Selasa, 19 November 2019

One part of NASA seems serious about fostering aerospace innovation - Ars Technica

A Starship on the Moon? It could happen in as few as three years.
Enlarge / A Starship on the Moon? It could happen in as few as three years.
SpaceX

About a year ago, NASA announced it had selected nine different companies that were eligible to compete for contracts to deliver relatively small science and cargo missions to the lunar surface.

What seemed notable about this was that many of the companies selected had not done much (if any) business with NASA before. (Lockheed Martin was an exception.) NASA has since begun to award a couple of contracts for actual deliveries, but it evidently wants more bidders. So on Monday, the agency added five new companies to the pool of eligible contractors in its Commercial Lunar Payload Services program, or CLPS.

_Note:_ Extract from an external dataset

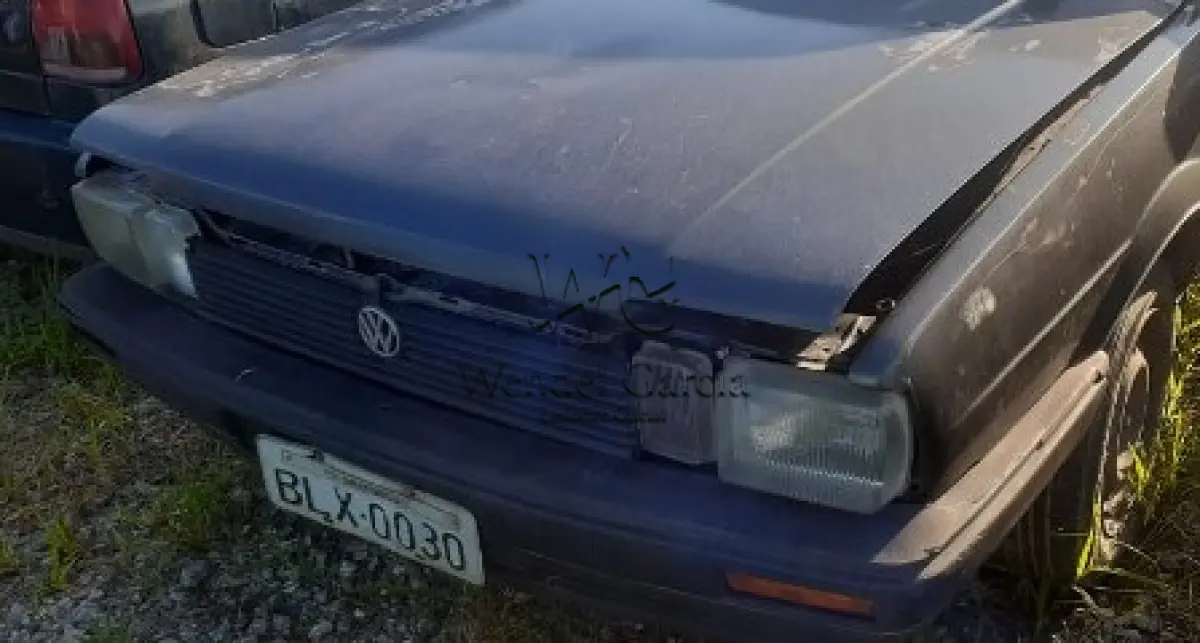 LOTE 386 - SUCATA: VW/SANTANA GLS 2000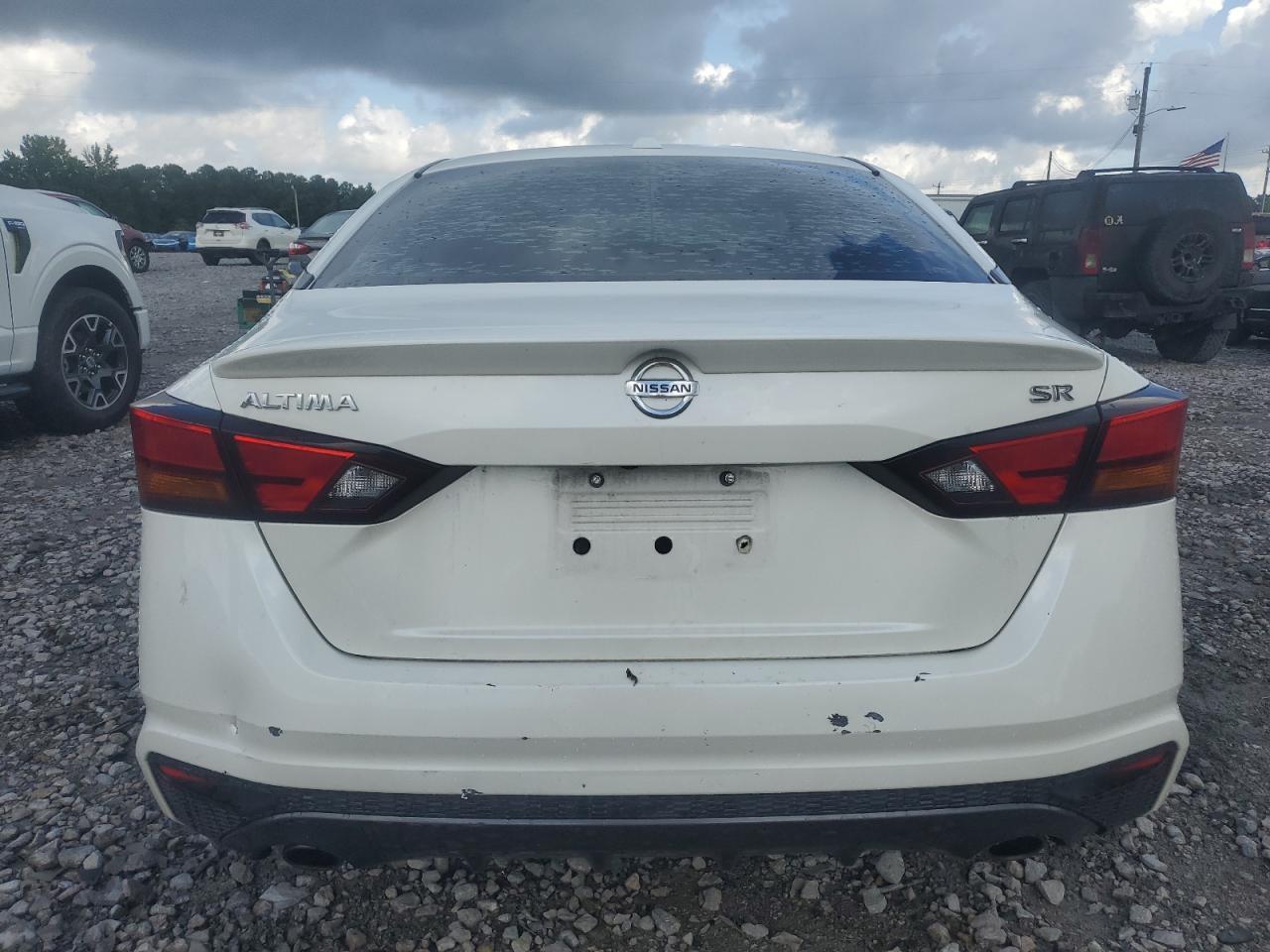 2019 Nissan Altima Sr - Image 6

“Expanding the group of companies who are eligible to bid on sending payloads to the Moon’s surface drives innovation and reduces costs to NASA and American taxpayers," the agency's administrator, Jim Bridenstine, said in a news release.

This group contained more surprises, such as little-known, California-based Ceres Robotics, which is developing small rovers that could explore the surface of the Moon and counts Buzz Aldrin's son Andy among its advisers.

Prominent new space companies Blue Origin and SpaceX were also among those selected. Blue Origin was no surprise, as it bid its New Glenn rocket and Blue Moon lander, capable of delivering more than 3 tons to the lunar surface.

SpaceX offered NASA the use of its Starship spacecraft and Super Heavy rocket. This is a bit of overkill for what NASA seeks with its modest CLPS program, as theoretically Starship could one day deliver as much as 100 tons to the lunar surface. But it does offer SpaceX some validation that if it fully develops the ambitious Starship vehicle, NASA will be a willing customer in the future. This may, in turn, help SpaceX raise development funds from investors.

"This is a super cool program," SpaceX President Gwynne Shotwell said of CLPS in a call with reporters on Monday. "It is an avenue for us to deliver payloads to the surface of the Moon for a customer. Obviously we’re thrilled that NASA is a potential customer for us with that vehicle. CLPS is a great piece of what we want to get done with Starship." She added that SpaceX is aiming to be able to land Starship on the lunar surface by 2022.

Over the coming years, NASA will ask this pool of bidders for proposals to deliver rovers, power sources, and science experiments, including the agency’s Volatiles Investigating Polar Exploration Rover, to various locations on the Moon. The CLPS contracts have a combined maximum value of $2.6 billion through November 2028 and will be awarded based on technical feasibility, price, and schedule.

By supporting a range of new and established providers and pushing the frontier of commercial space to the Moon, NASA seems keen to support innovative US aerospace companies. By going with some not entirely proven companies, NASA's lunar program also appears to be willing to fail from time to time for the sake of advancement.

"As NASA continues to lean forward and use commercial services to explore the Moon, we want as many diverse ideas as we can on the table," said Steve Clarke, deputy associate administrator for exploration in NASA’s Science Mission Directorate, during the media call. "We are really on the precipice here of seeing the commercial services that can expand and flourish, with not just NASA as a customer."